This project implements a human pose classifier using Visual Transformers (ViT), covering all required steps from data preprocessing to real-world inference.
The best-performing model achieves high classification metrics:
| Metric | Value |
|---|---|
| Accuracy | 0.796 |
| Precision (weighted) | 0.801 |
| Recall (weighted) | 0.796 |
| F1-Score (weighted) | 0.798 |
The model can be deployed on an Amazon EC2 Instance, and a live prototype is accessible via Streamlit Server: https://cv-human-pose-classifier-vit-aws-c.streamlit.app/
- Data Source: Human action images are obtained from the Bingsu/Human_Action_Recognition dataset, loaded and preprocessed with the Hugging Face library.
- Model Architecture: A Vision Transformer (ViT) fine-tuned to classify images into 15 action categories, such as calling, clapping, cycling, dancing, drinking, eating, fighting, hugging, laughing, listening_to_music, running, sitting, sleeping, texting, using_laptop.
- AWS Integration: Trained models are automatically uploaded to S3 Bucket using boto3, enabling easy retrieval during deployment.
- Deployment: Model can be served on EC2 Instance
- Web Interface: Interactive inference via FastAPI backend and Streamlit frontend.
Preprocessing Pipeline (src/preprocessing_pipeline.py)
The preprocessing stage is designed to be fully configurable through the JSON file config/preprocessing_config.json. This allows the dataset loading and splitting process to be easily adapted without modifying the code.
| Parameter | Type | Default | Description |
|---|---|---|---|
huggingface_dataset_name |
str |
"Bingsu/Human_Action_Recognition" |
Name of the dataset on Hugging Face Hub. |
test_size |
float |
0.2 |
Proportion of the dataset reserved for testing. Must be strictly between 0 and 1. |
validation_size |
float |
0.2 |
Proportion of the training set reserved for validation. Must be strictly between 0 and 1. |
output_dir |
str |
"data" |
Directory where the processed splits will be saved. |
The main steps of the data preprocessing pipeline are as follows:
-
Download the dataset from Hugging Face using the name specified in the configuration
-
Train/Validation/Test Split:
-
First split: dataset is divided into training and testing sets (
test_sizeratio). -
Second split: training set is further divided into training and validation subsets (
validation_sizeratio). -
Ensures that all subsets (train, validation, test) contain the same label classes to avoid imbalance issues.

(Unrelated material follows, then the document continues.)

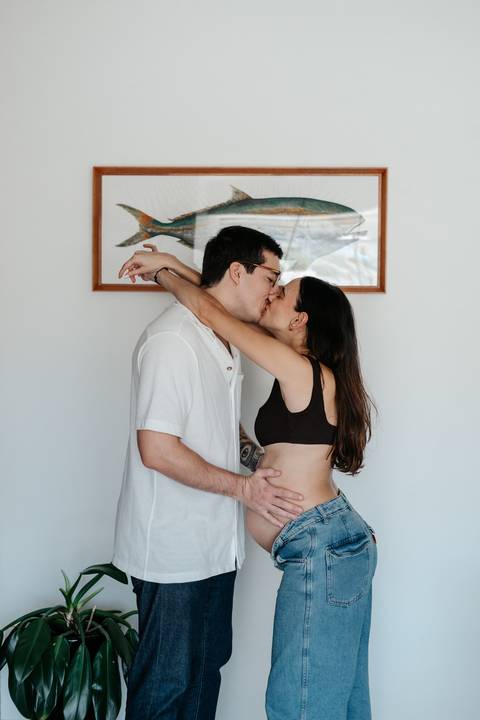 Casal se beijando com os braços ao redor do pescoço.'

⚠️ Note (August 2025): The official test set of theBingsu/Human_Action_Recognitiondataset is currently erroneous. It only contains a single class ("calling") but with images from all 15 classes. For this reason, the test set in our pipeline is re-sampled from the training split to ensure proper evaluation. -
-
Dataset Description: prints a statistical overview of each split (number of samples per class, total size, etc.).
-
Save to Disk: store the three subsets in the specified
output_dirastrain/,val/, andtest/.
Training Pipeline (src/training_pipeline.py)
The training process is fully configurable through the JSON config file config/training_config.json, which is loaded using Pydantic schemas. This allows changing model, training parameters, and output directories without touching the core code.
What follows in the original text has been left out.